Roasted 5 months ago based on jadon's long term Spotify stats.
Oh, Jadon, your Spotify profile reads like the playlist of someone who just awkwardly stepped out of a time machine that only travels to the most cringe-worthy music eras. A religious experience here, a pop gospel jam there, it’s like your taste in music was curated by a very confused pastor who just discovered K-Pop. “Worship” and “Soft Pop”? Do you have a specific playlist for when you want to simultaneously feel spiritually uplifted while questioning your taste in life choices? Let’s talk about your top songs, shall we? Half of them are by PRYVT like you’re planning a one-man concert where the opening act is just a mirror reflecting your own questionable decisions. Seriously, it’s a miracle you haven’t tried to collaborate with your own shadow yet.
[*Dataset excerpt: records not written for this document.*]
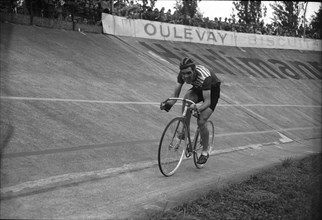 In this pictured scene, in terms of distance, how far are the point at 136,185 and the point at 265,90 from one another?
50.9ft

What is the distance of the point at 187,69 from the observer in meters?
5.64

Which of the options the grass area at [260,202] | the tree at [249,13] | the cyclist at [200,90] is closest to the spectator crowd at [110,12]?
the tree at [249,13]

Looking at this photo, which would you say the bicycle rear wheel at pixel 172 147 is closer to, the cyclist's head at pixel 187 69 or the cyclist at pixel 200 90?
the cyclist at pixel 200 90

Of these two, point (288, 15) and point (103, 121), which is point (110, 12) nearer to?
point (103, 121)

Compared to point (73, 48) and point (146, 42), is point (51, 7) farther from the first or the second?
point (146, 42)

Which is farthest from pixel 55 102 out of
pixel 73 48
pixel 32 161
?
pixel 73 48

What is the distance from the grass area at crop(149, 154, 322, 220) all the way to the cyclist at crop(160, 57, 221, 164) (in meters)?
1.16

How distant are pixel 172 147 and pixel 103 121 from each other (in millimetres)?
2672

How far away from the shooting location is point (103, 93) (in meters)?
10.2

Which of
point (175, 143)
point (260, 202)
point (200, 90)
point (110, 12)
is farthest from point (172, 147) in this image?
point (110, 12)

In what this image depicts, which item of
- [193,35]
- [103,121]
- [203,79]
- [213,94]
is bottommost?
[103,121]

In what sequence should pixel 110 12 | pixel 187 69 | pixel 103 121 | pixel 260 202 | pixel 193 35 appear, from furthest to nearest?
pixel 193 35
pixel 110 12
pixel 103 121
pixel 187 69
pixel 260 202

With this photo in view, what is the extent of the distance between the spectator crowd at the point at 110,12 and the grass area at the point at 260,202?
1297cm

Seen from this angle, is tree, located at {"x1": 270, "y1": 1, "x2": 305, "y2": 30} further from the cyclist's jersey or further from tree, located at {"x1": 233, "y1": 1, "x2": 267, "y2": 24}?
the cyclist's jersey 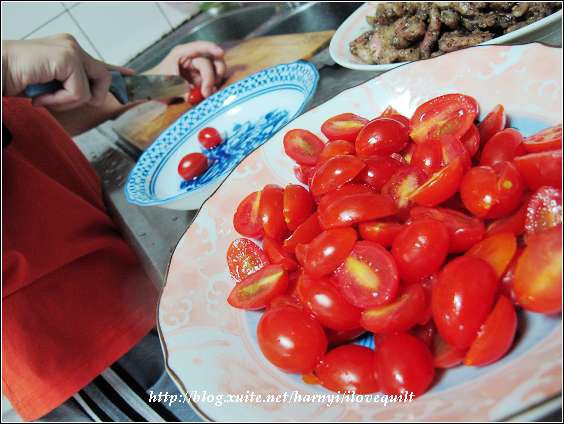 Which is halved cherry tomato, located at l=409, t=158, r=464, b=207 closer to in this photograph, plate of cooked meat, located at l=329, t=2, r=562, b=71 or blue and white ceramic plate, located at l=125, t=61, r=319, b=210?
plate of cooked meat, located at l=329, t=2, r=562, b=71

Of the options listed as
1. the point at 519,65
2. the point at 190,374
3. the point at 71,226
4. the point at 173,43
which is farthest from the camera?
the point at 173,43

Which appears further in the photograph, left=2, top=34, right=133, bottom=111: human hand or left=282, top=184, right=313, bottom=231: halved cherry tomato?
left=2, top=34, right=133, bottom=111: human hand

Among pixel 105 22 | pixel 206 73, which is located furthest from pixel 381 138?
pixel 105 22

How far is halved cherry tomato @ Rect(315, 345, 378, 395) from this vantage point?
570mm

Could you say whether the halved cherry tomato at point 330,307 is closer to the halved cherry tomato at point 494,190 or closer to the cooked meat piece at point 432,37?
the halved cherry tomato at point 494,190

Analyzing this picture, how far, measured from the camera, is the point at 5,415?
1.89 meters

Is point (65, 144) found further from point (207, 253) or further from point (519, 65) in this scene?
point (519, 65)

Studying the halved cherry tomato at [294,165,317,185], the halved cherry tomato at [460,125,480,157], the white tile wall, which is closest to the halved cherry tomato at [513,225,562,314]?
the halved cherry tomato at [460,125,480,157]

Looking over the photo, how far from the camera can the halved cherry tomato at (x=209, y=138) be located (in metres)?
1.46

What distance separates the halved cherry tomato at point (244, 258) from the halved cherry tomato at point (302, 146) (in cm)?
20

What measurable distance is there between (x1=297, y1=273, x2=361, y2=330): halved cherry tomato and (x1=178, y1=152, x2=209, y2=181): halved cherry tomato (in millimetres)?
798

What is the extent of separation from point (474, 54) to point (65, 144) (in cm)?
158

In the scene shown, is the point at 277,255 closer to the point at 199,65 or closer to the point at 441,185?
the point at 441,185

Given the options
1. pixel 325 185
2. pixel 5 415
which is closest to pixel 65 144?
pixel 5 415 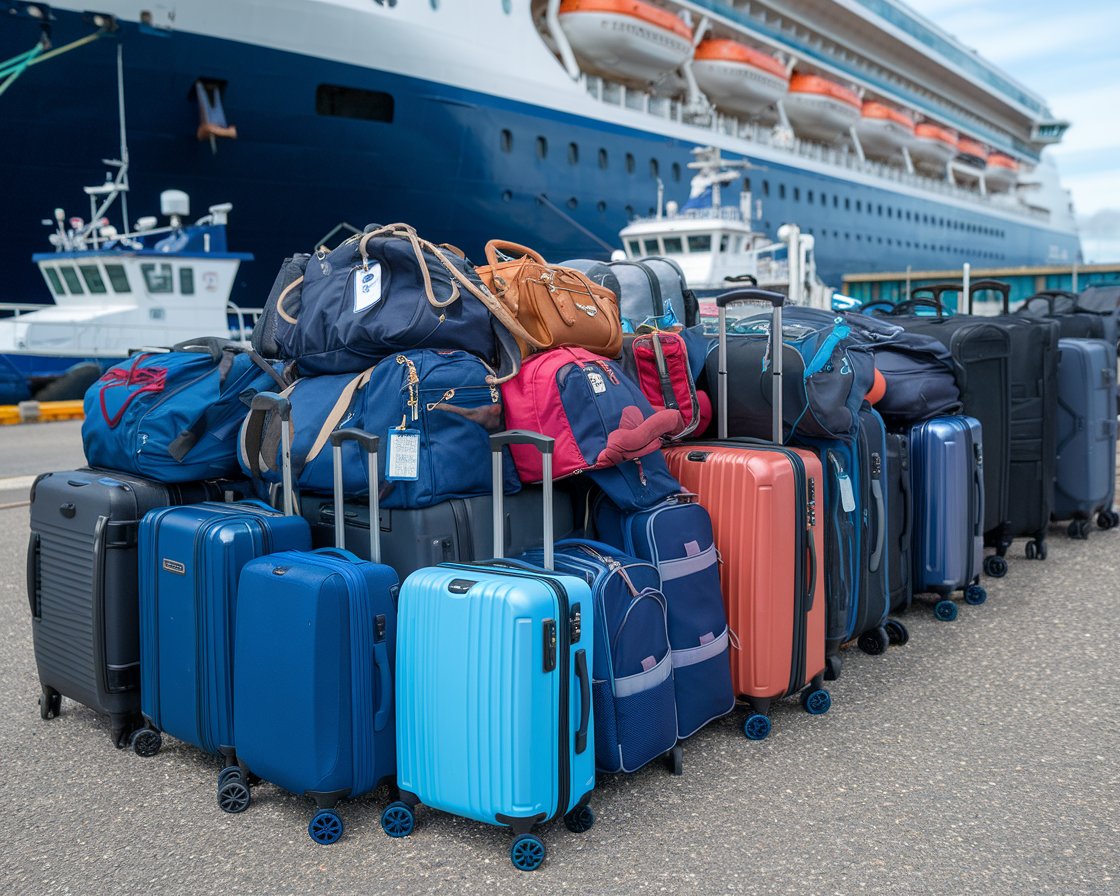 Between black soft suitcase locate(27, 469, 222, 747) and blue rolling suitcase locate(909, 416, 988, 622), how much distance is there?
2.47m

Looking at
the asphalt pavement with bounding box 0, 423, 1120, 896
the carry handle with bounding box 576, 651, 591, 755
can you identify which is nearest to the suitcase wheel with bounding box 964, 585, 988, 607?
the asphalt pavement with bounding box 0, 423, 1120, 896

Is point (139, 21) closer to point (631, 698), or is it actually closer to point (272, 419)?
point (272, 419)

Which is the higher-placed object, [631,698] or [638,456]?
[638,456]

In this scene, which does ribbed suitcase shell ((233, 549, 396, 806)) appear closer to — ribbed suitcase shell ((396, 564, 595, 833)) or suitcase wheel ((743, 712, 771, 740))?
ribbed suitcase shell ((396, 564, 595, 833))

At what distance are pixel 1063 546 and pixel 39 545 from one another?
4.44 m

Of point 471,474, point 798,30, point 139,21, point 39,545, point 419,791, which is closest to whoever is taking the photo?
point 419,791

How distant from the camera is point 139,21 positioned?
42.8ft

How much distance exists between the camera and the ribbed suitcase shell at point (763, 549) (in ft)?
8.39

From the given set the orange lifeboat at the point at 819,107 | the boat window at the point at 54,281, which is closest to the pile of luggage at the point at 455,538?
the boat window at the point at 54,281

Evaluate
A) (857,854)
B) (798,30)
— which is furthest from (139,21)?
(798,30)

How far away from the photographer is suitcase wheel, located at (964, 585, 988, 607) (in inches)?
150

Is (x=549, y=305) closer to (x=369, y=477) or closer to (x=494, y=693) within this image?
(x=369, y=477)

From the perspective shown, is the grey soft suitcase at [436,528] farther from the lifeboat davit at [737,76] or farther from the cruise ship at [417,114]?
the lifeboat davit at [737,76]

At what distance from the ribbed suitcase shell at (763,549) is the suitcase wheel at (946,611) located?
3.89ft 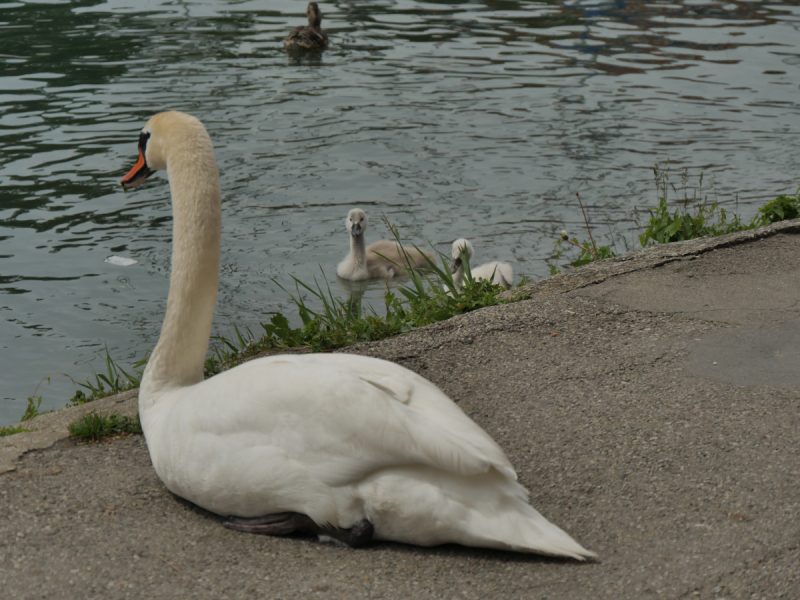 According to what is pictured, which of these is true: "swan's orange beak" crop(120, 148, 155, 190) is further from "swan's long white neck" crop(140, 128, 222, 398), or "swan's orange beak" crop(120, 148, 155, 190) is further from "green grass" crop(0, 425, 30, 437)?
"green grass" crop(0, 425, 30, 437)

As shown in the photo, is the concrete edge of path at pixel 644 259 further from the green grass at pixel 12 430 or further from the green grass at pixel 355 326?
the green grass at pixel 12 430

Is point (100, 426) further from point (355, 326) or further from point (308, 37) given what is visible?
point (308, 37)

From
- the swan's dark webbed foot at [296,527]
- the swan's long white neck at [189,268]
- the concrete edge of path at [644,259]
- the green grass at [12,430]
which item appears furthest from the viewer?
the concrete edge of path at [644,259]

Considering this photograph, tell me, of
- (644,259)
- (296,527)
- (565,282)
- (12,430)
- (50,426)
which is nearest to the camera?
(296,527)

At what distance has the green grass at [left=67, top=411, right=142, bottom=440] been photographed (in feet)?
13.6

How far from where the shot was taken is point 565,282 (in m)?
6.06

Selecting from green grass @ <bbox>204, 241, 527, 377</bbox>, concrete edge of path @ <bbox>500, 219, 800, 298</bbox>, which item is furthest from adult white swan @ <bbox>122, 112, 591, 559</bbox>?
concrete edge of path @ <bbox>500, 219, 800, 298</bbox>

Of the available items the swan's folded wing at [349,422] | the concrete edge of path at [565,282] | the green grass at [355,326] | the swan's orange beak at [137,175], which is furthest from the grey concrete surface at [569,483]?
the swan's orange beak at [137,175]

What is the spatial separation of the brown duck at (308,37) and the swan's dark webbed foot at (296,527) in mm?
16676

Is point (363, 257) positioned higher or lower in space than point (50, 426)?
lower

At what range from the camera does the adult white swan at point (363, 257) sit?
9414mm

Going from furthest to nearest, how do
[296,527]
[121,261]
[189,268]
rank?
[121,261], [189,268], [296,527]

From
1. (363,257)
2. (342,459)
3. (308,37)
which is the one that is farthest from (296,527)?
(308,37)

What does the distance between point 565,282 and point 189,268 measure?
3.09 metres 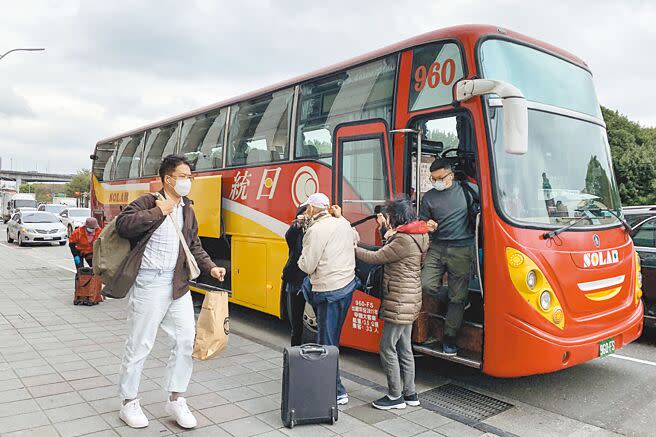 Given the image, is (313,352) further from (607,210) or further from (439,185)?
(607,210)

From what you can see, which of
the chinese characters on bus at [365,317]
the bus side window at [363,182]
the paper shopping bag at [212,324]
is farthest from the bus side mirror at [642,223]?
the paper shopping bag at [212,324]

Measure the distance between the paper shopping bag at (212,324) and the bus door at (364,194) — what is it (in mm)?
1449

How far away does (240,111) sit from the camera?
8.12 m

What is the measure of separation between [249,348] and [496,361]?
3189 millimetres

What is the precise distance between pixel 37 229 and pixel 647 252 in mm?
22344

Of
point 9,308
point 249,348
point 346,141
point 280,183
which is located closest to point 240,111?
point 280,183

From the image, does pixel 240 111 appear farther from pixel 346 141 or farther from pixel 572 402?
pixel 572 402

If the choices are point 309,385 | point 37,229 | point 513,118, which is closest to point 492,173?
point 513,118

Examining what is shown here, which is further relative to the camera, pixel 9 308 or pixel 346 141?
pixel 9 308

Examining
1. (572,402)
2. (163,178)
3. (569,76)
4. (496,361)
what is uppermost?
(569,76)

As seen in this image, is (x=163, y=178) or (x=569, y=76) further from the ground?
(x=569, y=76)

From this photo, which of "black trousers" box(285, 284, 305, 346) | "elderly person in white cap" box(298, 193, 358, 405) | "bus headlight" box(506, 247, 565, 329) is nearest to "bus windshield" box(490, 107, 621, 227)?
"bus headlight" box(506, 247, 565, 329)

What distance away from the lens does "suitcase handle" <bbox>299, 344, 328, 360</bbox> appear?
414 centimetres

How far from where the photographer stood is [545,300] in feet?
14.7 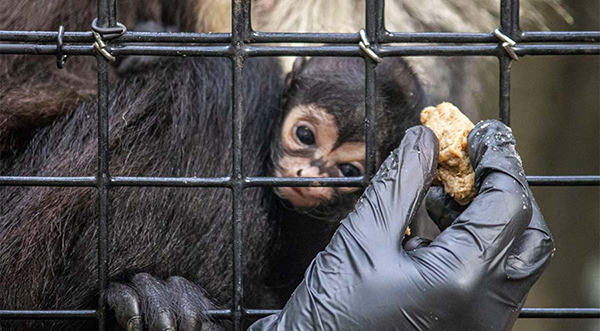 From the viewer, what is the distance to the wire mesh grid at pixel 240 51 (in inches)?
56.2

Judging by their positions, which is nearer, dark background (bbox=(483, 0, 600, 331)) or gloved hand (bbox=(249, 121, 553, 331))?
gloved hand (bbox=(249, 121, 553, 331))

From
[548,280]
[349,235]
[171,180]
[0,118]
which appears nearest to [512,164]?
[349,235]

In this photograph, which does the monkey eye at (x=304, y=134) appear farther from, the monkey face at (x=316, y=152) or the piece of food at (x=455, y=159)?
the piece of food at (x=455, y=159)

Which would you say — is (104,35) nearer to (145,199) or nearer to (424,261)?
(145,199)

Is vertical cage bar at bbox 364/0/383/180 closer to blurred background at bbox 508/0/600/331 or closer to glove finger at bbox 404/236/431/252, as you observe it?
glove finger at bbox 404/236/431/252

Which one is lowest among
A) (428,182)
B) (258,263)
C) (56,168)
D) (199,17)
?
(258,263)

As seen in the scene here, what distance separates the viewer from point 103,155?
56.4 inches

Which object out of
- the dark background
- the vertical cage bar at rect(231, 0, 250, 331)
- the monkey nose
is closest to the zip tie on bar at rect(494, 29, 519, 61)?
the vertical cage bar at rect(231, 0, 250, 331)

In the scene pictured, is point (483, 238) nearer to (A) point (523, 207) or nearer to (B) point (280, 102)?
(A) point (523, 207)

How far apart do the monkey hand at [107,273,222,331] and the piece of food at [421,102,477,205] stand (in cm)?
48

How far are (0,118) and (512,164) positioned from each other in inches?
43.5

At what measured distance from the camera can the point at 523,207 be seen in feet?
3.92

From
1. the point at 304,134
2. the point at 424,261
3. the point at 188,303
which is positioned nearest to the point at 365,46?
the point at 424,261

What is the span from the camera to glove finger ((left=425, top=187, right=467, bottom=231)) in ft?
4.56
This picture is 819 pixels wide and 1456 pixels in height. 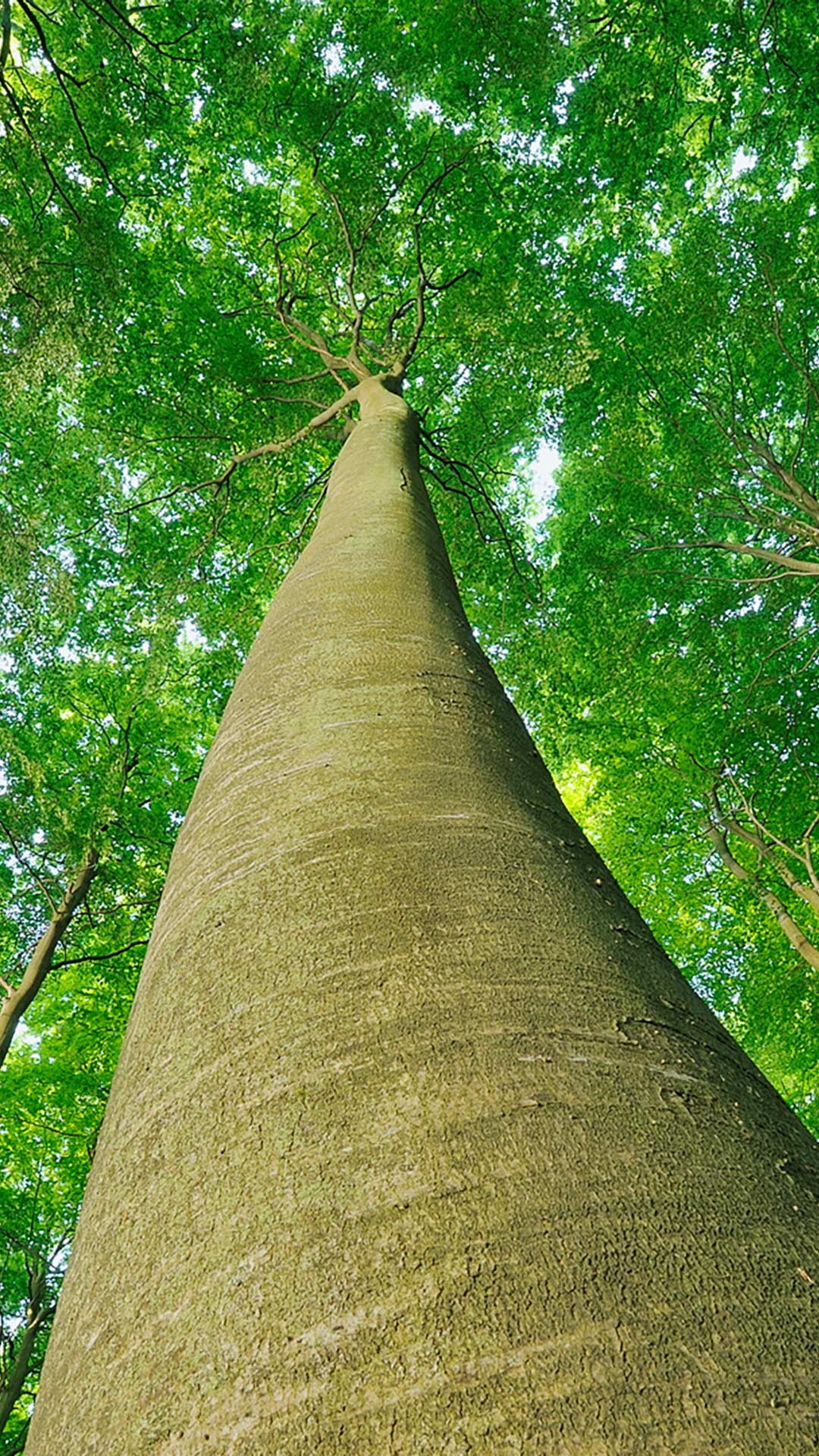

And “stars burn out”? If only your music taste would take the hint. The sheer number of sad ASMR vibes on your list suggests you’re either living in a permanent state of existential dread or you have a secret career as a meditation coach for squirrels. And can we take a moment to appreciate your ability to combine dark ambient with…. gospel? That’s like pairing peanut butter with pickles— it leaves the listener confused both about the flavor and your sanity. You’ve got the vibes of a person who turns to Hillsong UNITED for spiritual enlightenment while simultaneously daydreaming about joining a K-Pop band. Honestly, Jadon, just admit it— your musical journey is the world's longest midlife crisis, and the only thing truly worshipped on your playlist is questionable decision-making!
Roasts are purely for fun and entertainment. They're not meant to be taken seriously. Enjoy the laughs, but remember your music taste is uniquely yours!